The title character, played by Jack Nicholson, is named Robert Eroica Dupea. The five easy pieces of the title refer to piano compositions he played as a boy. Music lessons together with a middle name that refers to Beethoven's Third Symphony might make you wonder about the household of origin. But Dupea has left it behind. He has a dirty job in an oil field and lives with his girlfriend. He drinks, bowls, cheats on the girlfriend, and watches television in the trailer home of his friend. The camera does not deprive you of views of freeways, landscapes of parking lots and roadside motels, and the insides of cheap diners. That is pretty much the first half.
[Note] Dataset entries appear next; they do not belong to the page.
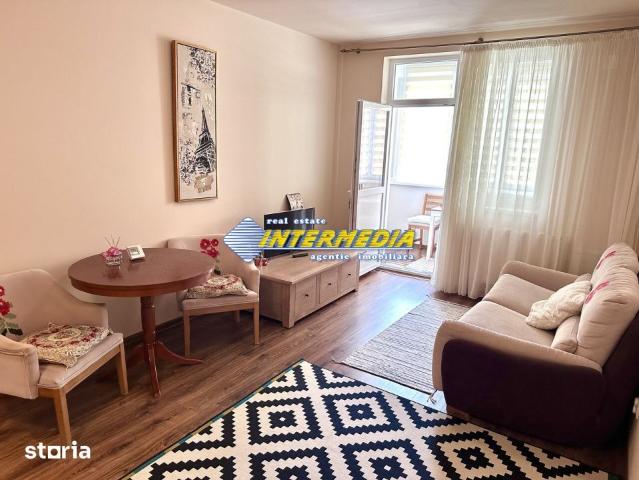 Apartament închirieri în Alba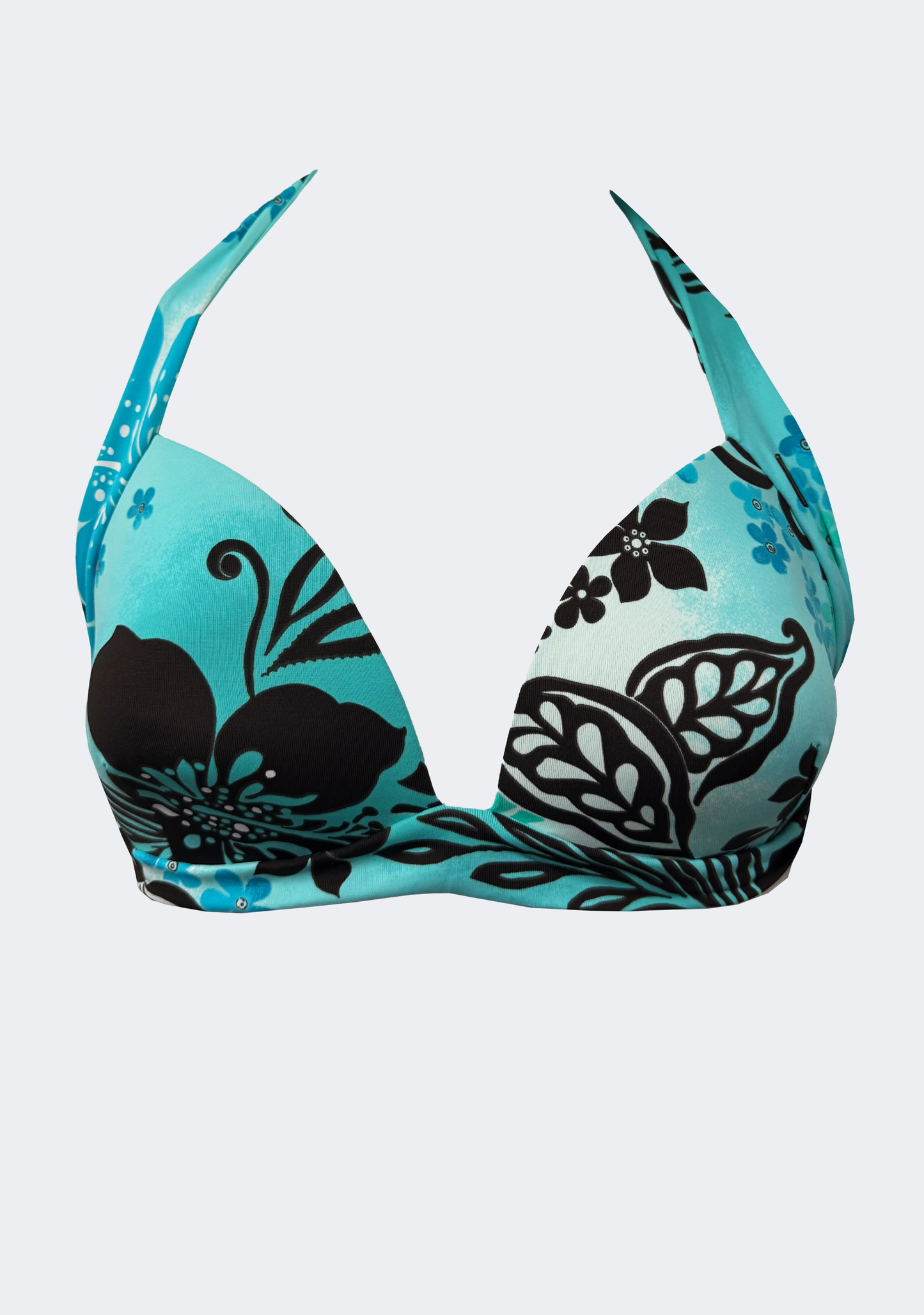 Sunseeker Women's Cruz E Cup Bra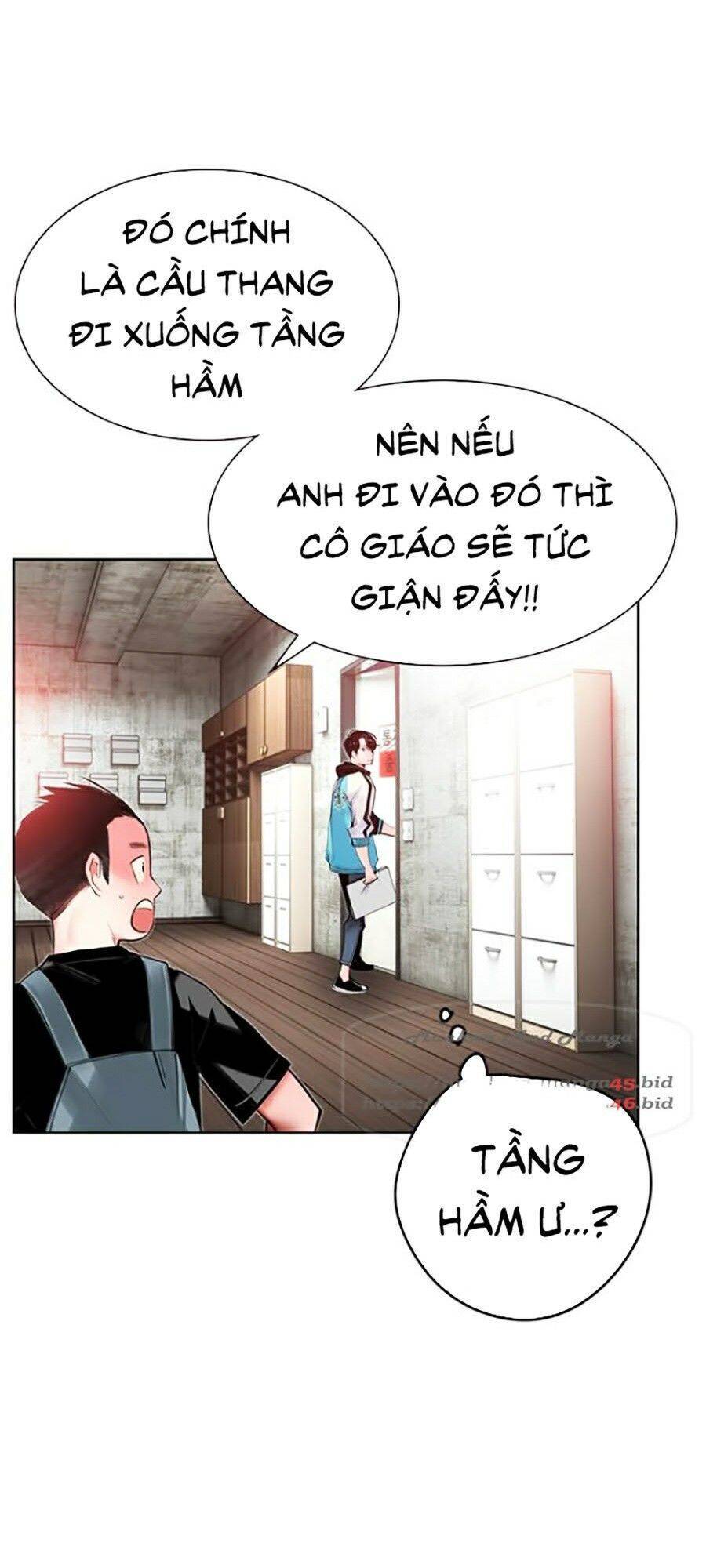 Chương 21 - trang 7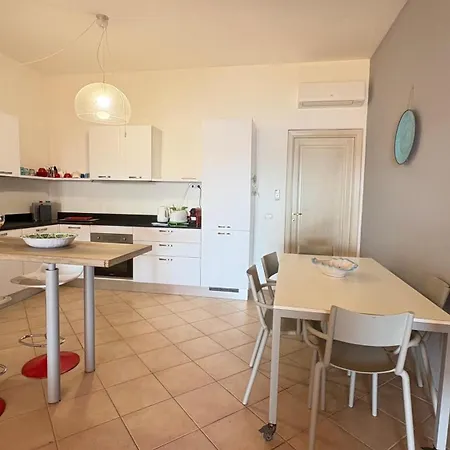 Casa Asfodelo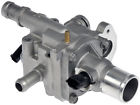 902-033 Dorman Upgrade Metal Thermostat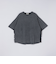 ILL180°: HIPPIE FRINGE TEE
The second half starts when Dupea learns that his father is very ill. He travels back to the household of origin and finds that his mute dying father is attended to by a laconic weightlifter who is bedding his rather homely sister. Meanwhile a brother, a violinist, has "sprained his neck" and wears a goofy-looking brace that nevertheless has not prevented him from becoming the lover of an attractive hippie who has settled into the household, appropriately located on an island. They all work on their music and occasionally an intellectual drops by to hold forth on some topic. Dupea tries to persuade the hippie girl to switch brothers, succeeds a little, then fails. He tries to talk with his mute father but the old man is too far gone. Dupea had picked up some hitchhiking gargoyles along the way but were they any crazier than these characters?
The organization of the movie invites you to compare the world Dupea rejected to the one he found with the motels and parking lots and freeways and oil fields. His own vote seems to be thumbs down on both. On the way back home, he stops for gas, and the girlfriend walks off to the diner next to the station for a coffee. Dupea studies himself in the mirror of the station's men's room. When he comes out, a truck hauling timber has pulled in. The camera only shows, and from a distance, the conversation in which the necessary agreements are made, then, as Dupea takes his seat beside the driver, pulls away even farther as the truck moves out into the highway and turns the opposite direction from which Dupea had been going in the car with his girlfriend. The camera continues to dwell on the crumby little gas station after the truck has disappeared and you can only hear the sound of its changing gears. The end.
With Karen Black, as Dupea's girlfriend, and everyone will recognize Sally Struthers. Bob Rafelson directs. The scene in the diner is so famous that it seems to have stopped people from realizing that "Five Easy Pieces" is one of the very best American pictures.